── Provided data
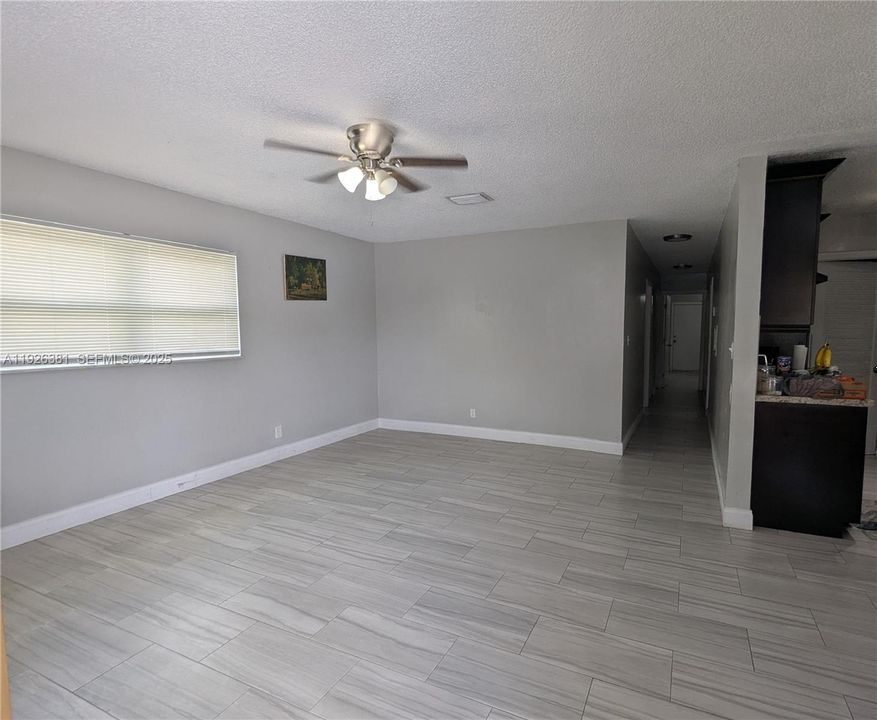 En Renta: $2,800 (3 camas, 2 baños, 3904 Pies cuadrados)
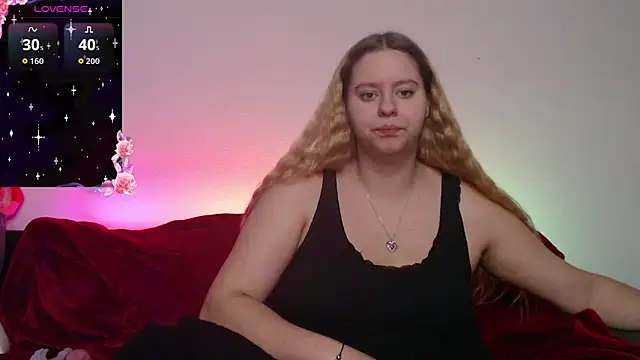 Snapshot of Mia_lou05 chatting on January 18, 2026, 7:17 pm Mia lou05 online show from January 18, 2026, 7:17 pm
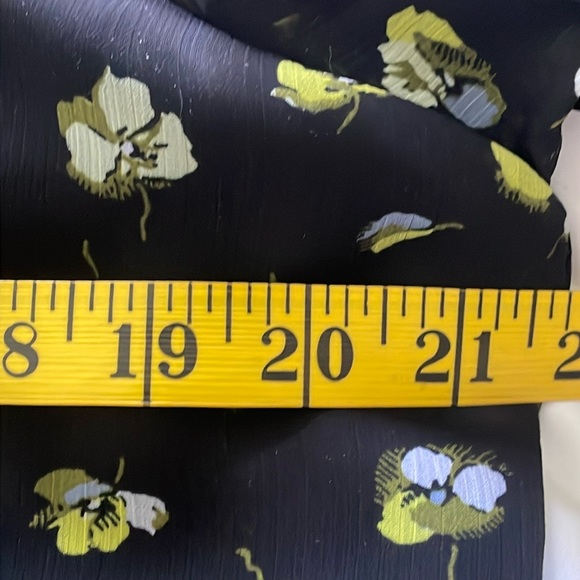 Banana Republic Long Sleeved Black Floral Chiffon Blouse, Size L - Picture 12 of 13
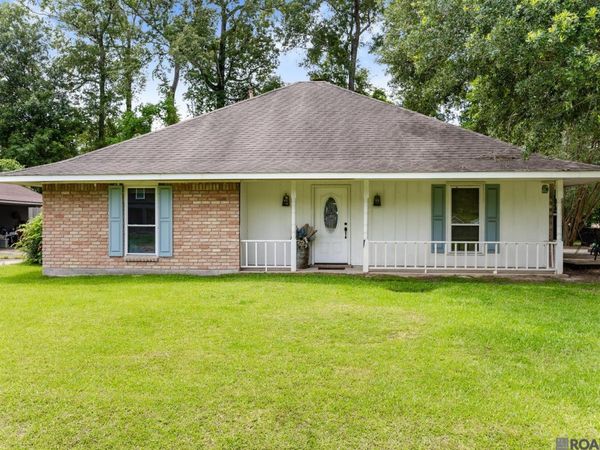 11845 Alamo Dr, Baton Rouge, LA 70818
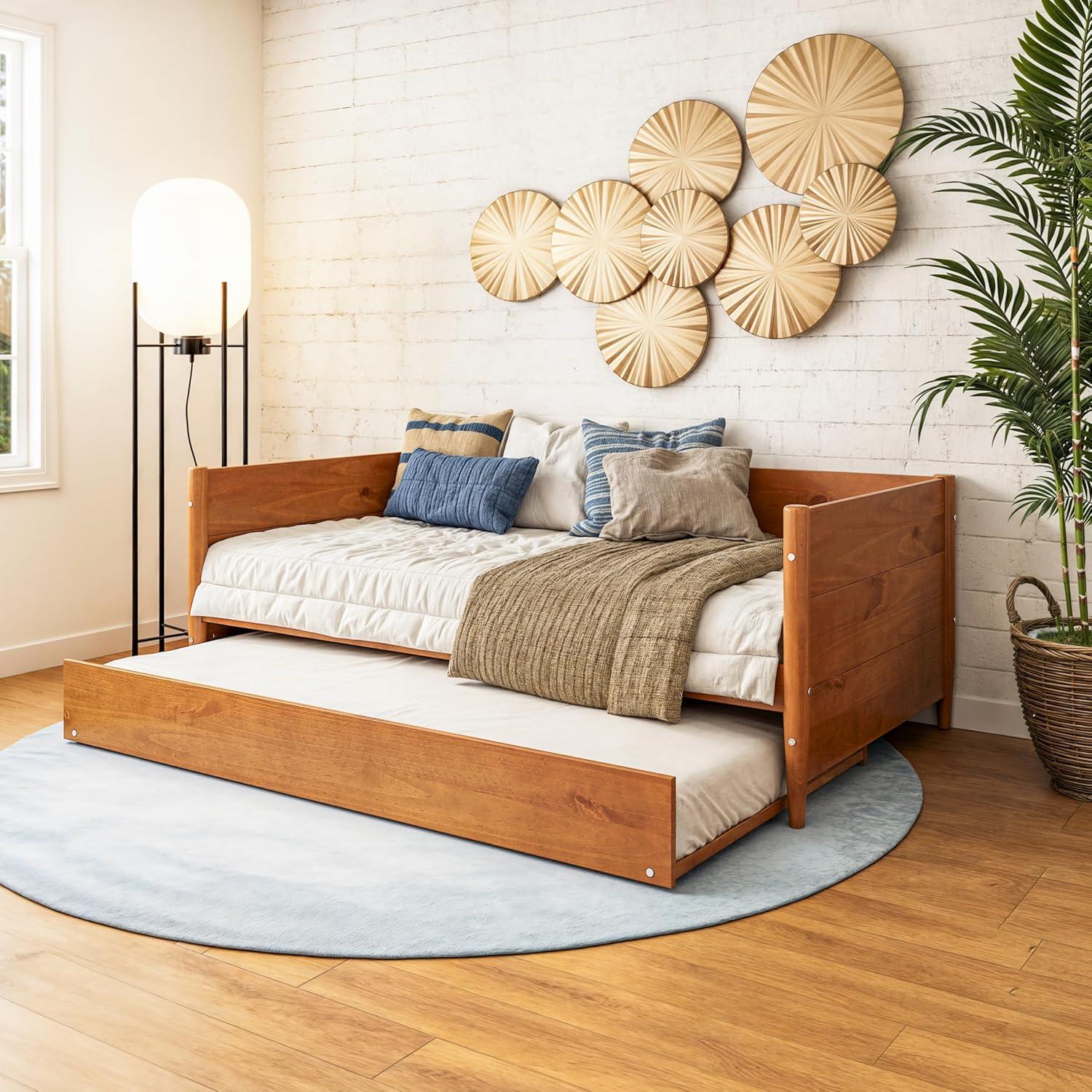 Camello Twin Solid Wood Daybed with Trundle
────
### Work order
Word for word, print all of the data; skip the pictures.

### Result of the exercise
 En Renta: $2,800 (3 camas, 2 baños, 3904 Pies cuadrados)
 Snapshot of Mia_lou05 chatting on January 18, 2026, 7:17 pm Mia lou05 online show from January 18, 2026, 7:17 pm
 Banana Republic Long Sleeved Black Floral Chiffon Blouse, Size L - Picture 12 of 13
 11845 Alamo Dr, Baton Rouge, LA 70818
 Camello Twin Solid Wood Daybed with Trundle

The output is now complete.